The World Health Organization has released a "Tobacco Atlas" that presents a visual view of a habit that claims the lives of more than 13,000 people every day around the world.
Officials at the World Health Organization have high hopes for the "Tobacco Atlas." They describe it as the first of its kind in the health field, and say it will give ordinary people and policymakers an idea of the toll tobacco is taking on millions worldwide.
Using colorful maps and graphics, the atlas shows the damage caused by tobacco, from its effects on individual health to what countries have to pay to fight tobacco smuggling.
Judith Mackay, the author of the atlas, says it is in developing countries, especially those in Asia, that tobacco is doing the most damage.
"There is no doubt that it is the large-population Asian countries that will bear the brunt of the epidemic," she said. "In fact, these countries are beginning to feel it already. There is about three-quarters of a million deaths a year in China just from tobacco. And it will get much worse."

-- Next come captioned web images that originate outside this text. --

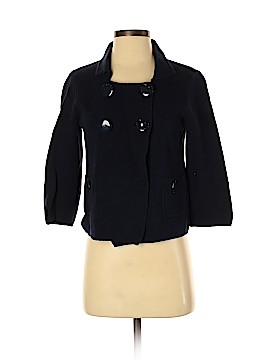 J. Crew Factory Store Size Sm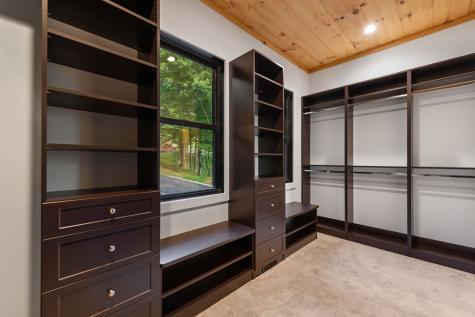 261 Big Valley Drive Morganton GA 30560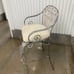 chair bar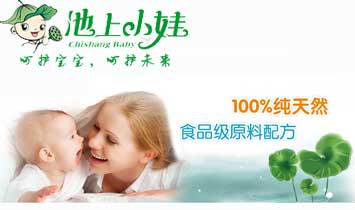 ���_���{���H�Q(m��o)�����޹�˾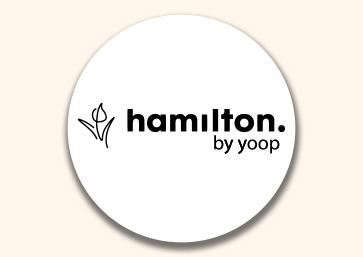 Tüm Hamilton Ürünlerinde Sepette Net %20 İndirim! Tüm Hamilton Ürünlerinde Sepette Net %20 İndirim!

Dr. Mackay says policymakers should find the atlas helpful as they try to formulate regulations on tobacco control during negotiations currently under way in Geneva on a tobacco treaty.
The treaty is expected to be adopted by the World Health Organization's 192-member states by May of next year. The organization favors several steps in its battle against tobacco, including a ban on advertisements for smoking and stiff tax increases on tobacco.
The World Health Organization says if control measures are not put in place, it expects tobacco to kill an estimated 8.5 million people a year by 2020.